Zdeno Chara, who leads all skaters in plus/minus this postseason at plus-12, didn’t return from a nasty facial injury at age 42 just to lose. He may already have a Cup to his credit, but he also knows what it’s like to lose one, too.

Ditto for Marchand and Bergeron, as well as David Krejci -- speaking of whom, after leading the playoffs in scoring in both 2011 and 2013, has gone AWOL. He doesn’t have a goal since the Columbus series. One might say he’s due.

Experience in situations like these can be overstated, both for better or for worse, in all sports. If experience was the be all, end all, would the Patriots have lost Super Bowl LII to the Philadelphia Eagles? Would the Golden State Warriors be on the brink of elimination in the NBA Finals against the Toronto Raptors right now?

There’s something to be said about having been there and done that in hockey, however. The Penguins knocked out the San Jose Sharks and Nashville Predators in their two Cup wins in 2016 and 2017, respectively, two teams that had never been to the final. Their back-to-back appearances came eight years after Crosby, Malkin and Kris Letang’s first trip to the final, in 2008, when they lost to a Red Wings team that had won four Cups in the past 11 seasons. When the teams met in a rematch the following spring, the Penguins prevailed, branding them as a winning outfit that bided its time before adding on more championships.

The Bruins, though constructed quite differently than Pittsburgh, will have followed a similar path in winning a championship, underachieving for several seasons and then getting back to the top of the mountain with their nucleus intact.

Boston isn’t going to win the Stanley Cup tonight because of something another team has done, of course. Starting fast -- preferably by scoring first -- is essential if the Bruins want to cue the Duck Boats later this week. I’d go so far as to say the team that scores first tonight will win Game 7.

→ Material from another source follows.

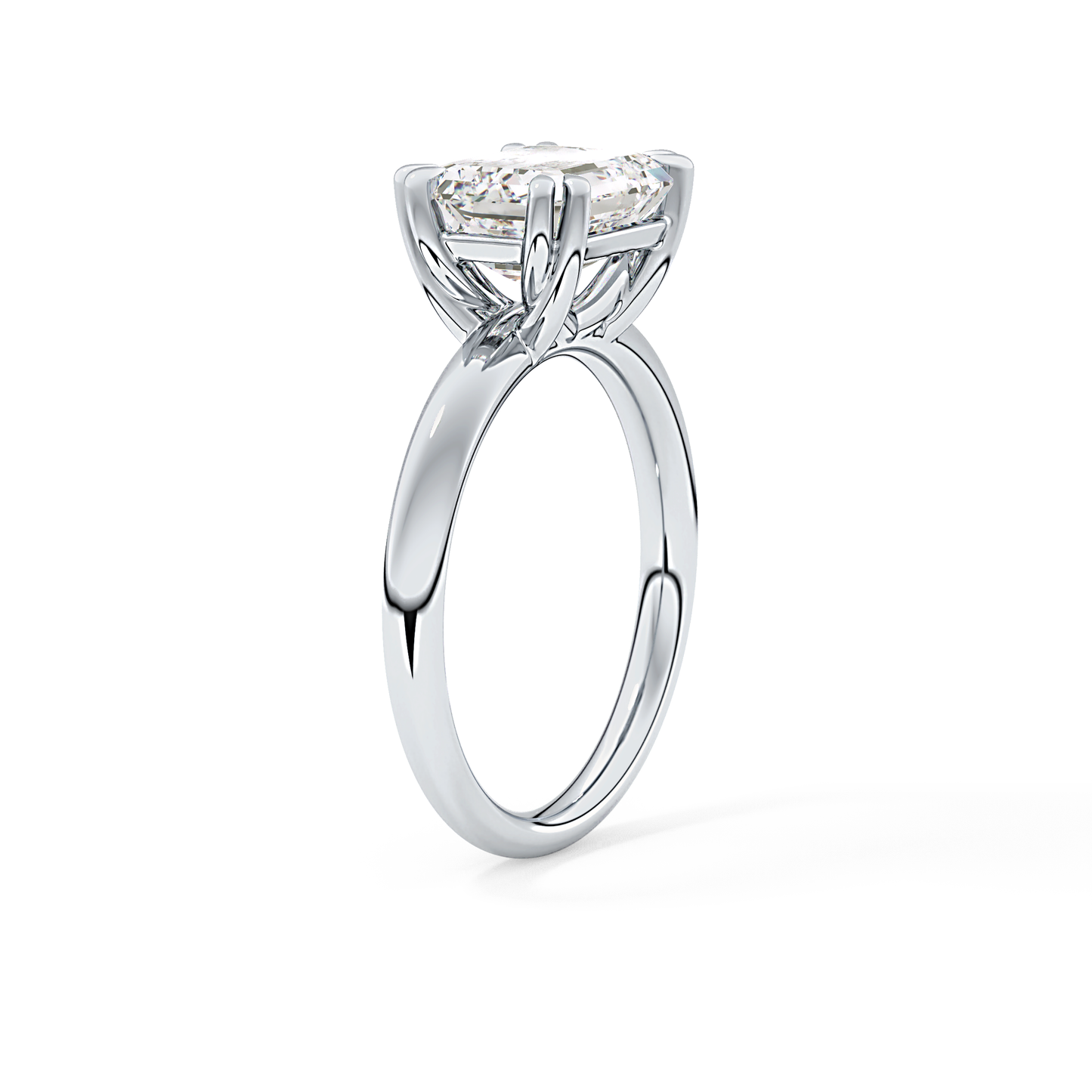 East West Emerald Solitaire Lab Grown Diamond Engagement Ring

Boston may be getting outplayed in stretches by St. Louis this series, but that’s in large part due to its players underachieving more than anything the Blues are doing schematically. That ends tonight.

The Bruins were a better, more consistent team than the Blues from start to finish this season. For one final game, they’ll play like it and become Stanley Cup Champions once again.